— Data excerpt —
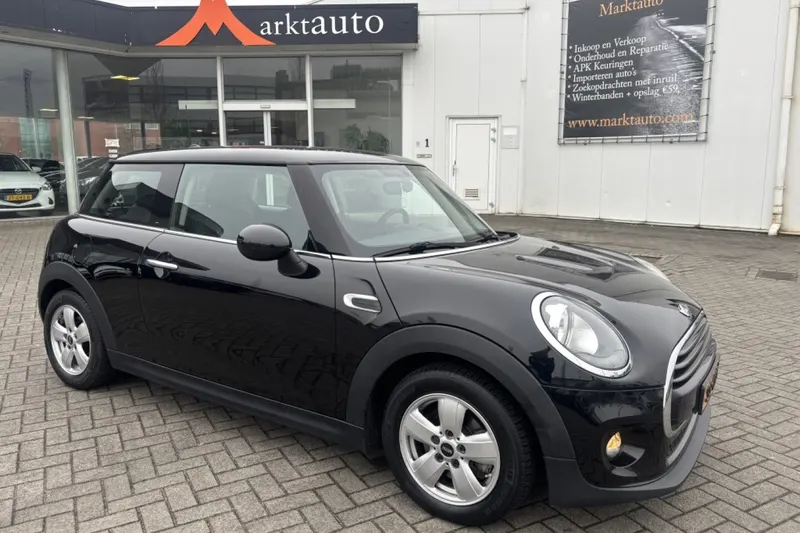 MINI Cooper (2018)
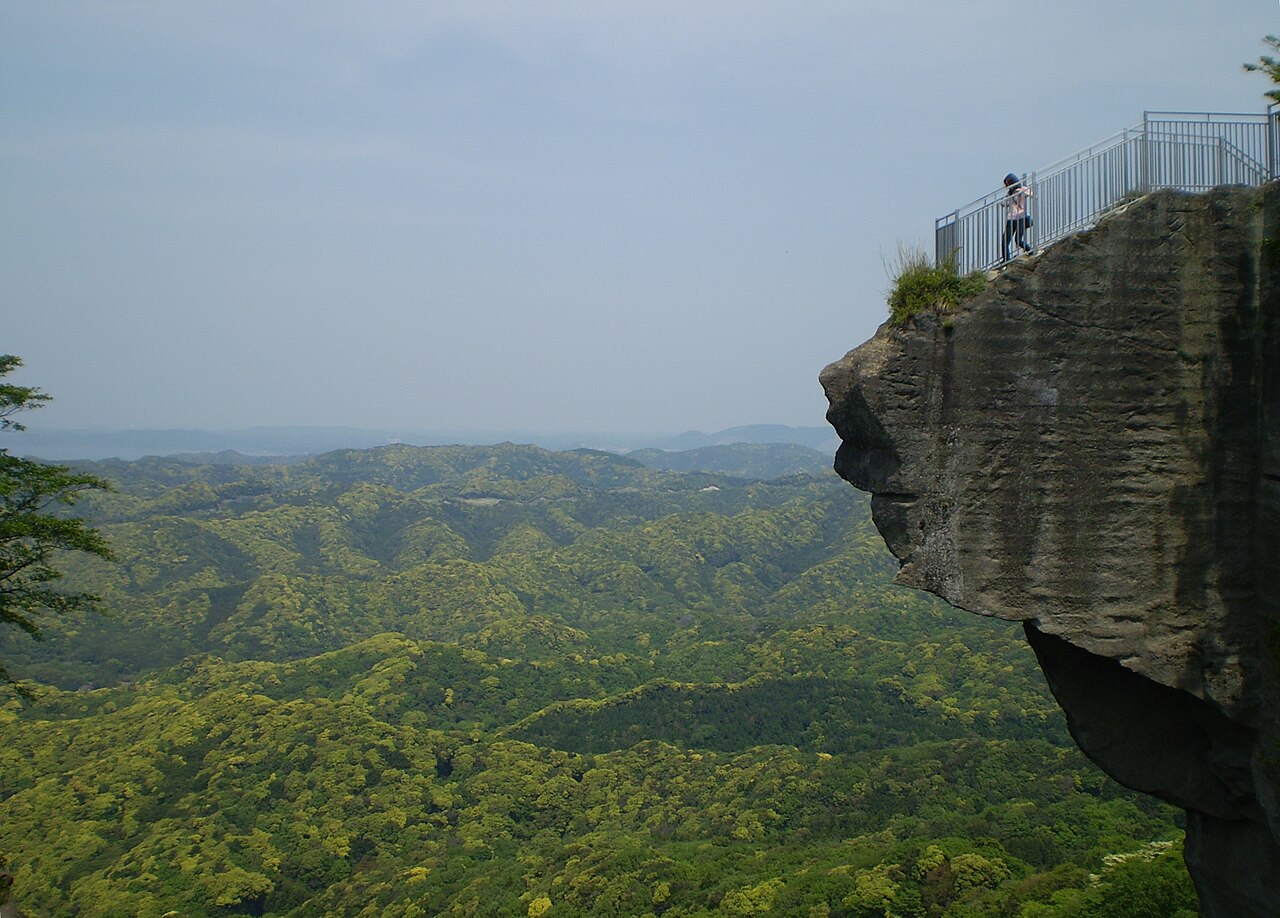 Jigoku-nozoki viewpoint on Mount Nokogiri
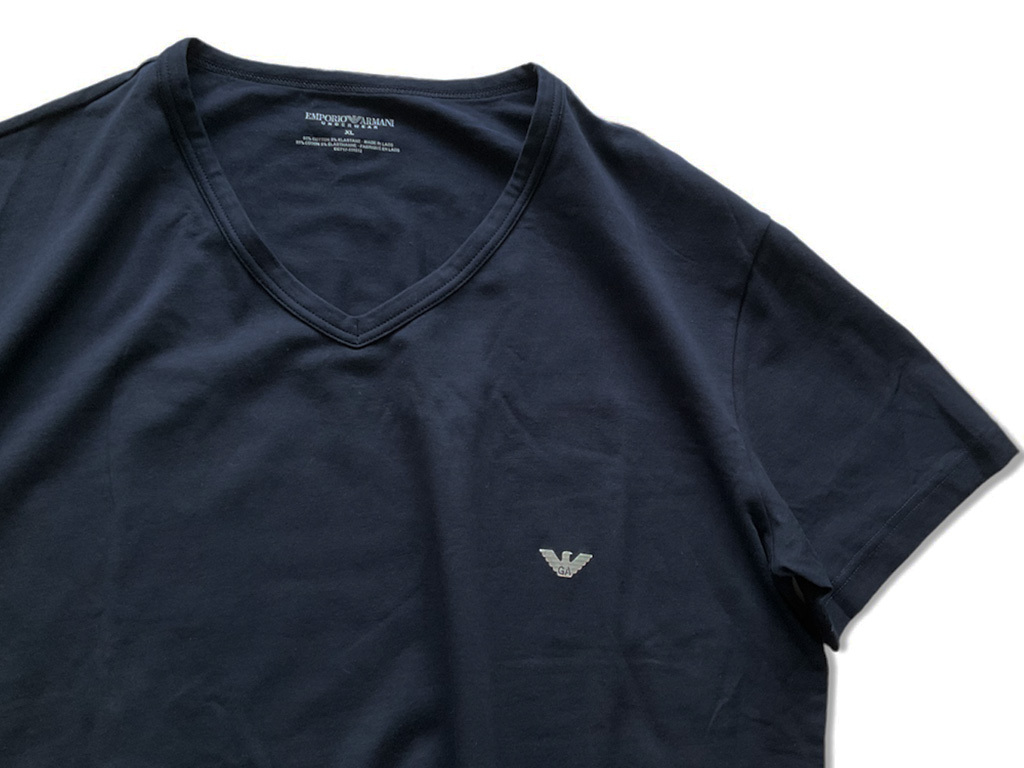  new goods [EMPORIO ARMANI/ Armani ]V[ Armani profit meaning. . body . softly flexible stretch Fit ]V neck dark blue short sleeves shirt VM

— Exercise —
Skip the images and set down the rest of the data unchanged.

— Response —
 MINI Cooper (2018)
 Jigoku-nozoki viewpoint on Mount Nokogiri
  new goods [EMPORIO ARMANI/ Armani ]V[ Armani profit meaning. . body . softly flexible stretch Fit ]V neck dark blue short sleeves shirt VM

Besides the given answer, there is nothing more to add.